When I run the following code, I only get the html up to the end of the first 'li' tag (as seen in the second linked image), but not the second li section hence I only get the first university "Carleton College:"
import requests
from bs4 import BeautifulSoup as soup
url = 'https://www.wlrk.com/attorney/hahn/'
res = requests.get(url, headers={'User-Agent': 'Mozilla/5.0 (Windows NT 6.1; Win64; x64; rv:25.0) Gecko/20100101 Firefox/25.0'})
personal_soup = soup(res.content, "html.parser")
education = personal_soup.find("div",{'class':'attorney--education'})
education.li.a.text # 'Carleton University'
Upvotes: 1
Views: 63
Reputation: 84465
Change your parser and I would use select
and target the a
elements direct. 'lxml' is more forgiving and will handle the stray closing a
tags which shouldn't be there. Also, find
would only ever have returned first match versus find_all
which returns all matches.
e.g.
<a href="/attorneys/?asf_ugs=257">Carleton College</a></a>
Stray end tag a.
From line 231, column 127; to line 231, column 130
ollege</a></a>, 2013
Stray end tag a.
From line 231, column 239; to line 231, column 242
of Law</a></a>, J.D.
import requests
from bs4 import BeautifulSoup as soup
url = 'https://www.wlrk.com/attorney/hahn/'
res = requests.get(url, headers={'User-Agent': 'Mozilla/5.0 (Windows NT 6.1; Win64; x64; rv:25.0) Gecko/20100101 Firefox/25.0'})

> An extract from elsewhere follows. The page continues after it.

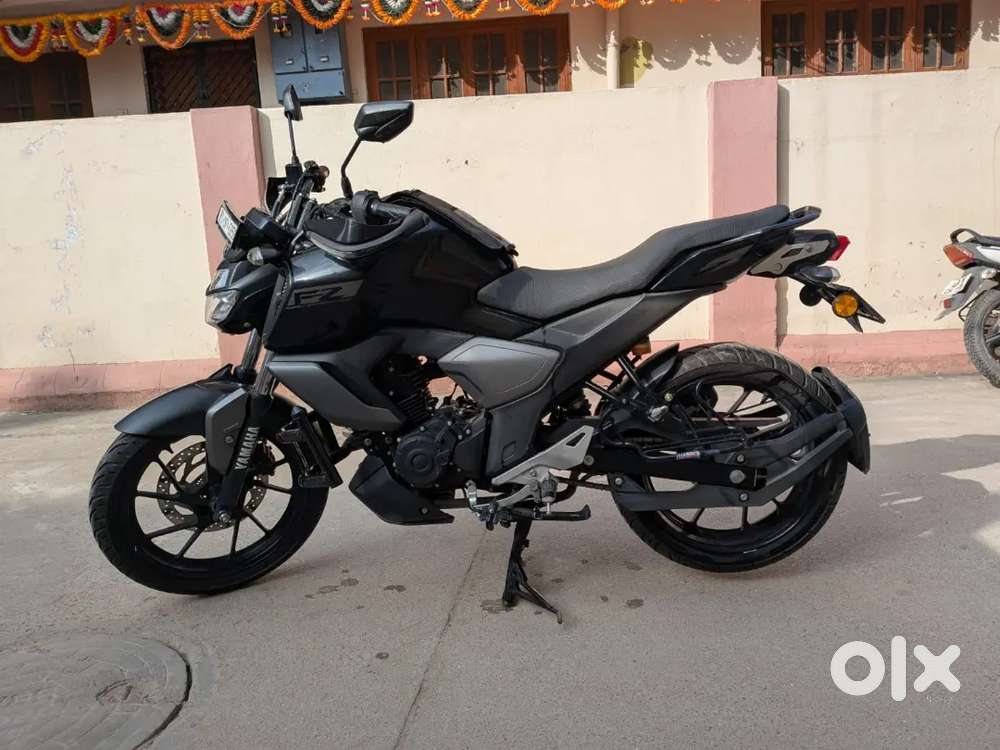 Tirupathi moters FZ V3 yamaha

personal_soup = soup(res.content, "lxml")
educations = [a.text for a in personal_soup.select('.attorney--education a')]
print(educations)
Upvotes: 1
Reputation: 1938
The bs is fetching only the first li element. I am not sure why. If you want try using lxml, here is a way,
import lxml
from lxml import html
url = 'https://www.wlrk.com/attorney/hahn/'
res = requests.get(url, headers={'User-Agent': 'Mozilla/5.0 (Windows NT 6.1; Win64; x64; rv:25.0) Gecko/20100101 Firefox/25.0'})
tree = html.fromstring(res.content)
education = tree.xpath("//div[@class='attorney--education']//li/a/text()")
print(education)
output:
['Carleton College', 'New York University School of Law']
Upvotes: 0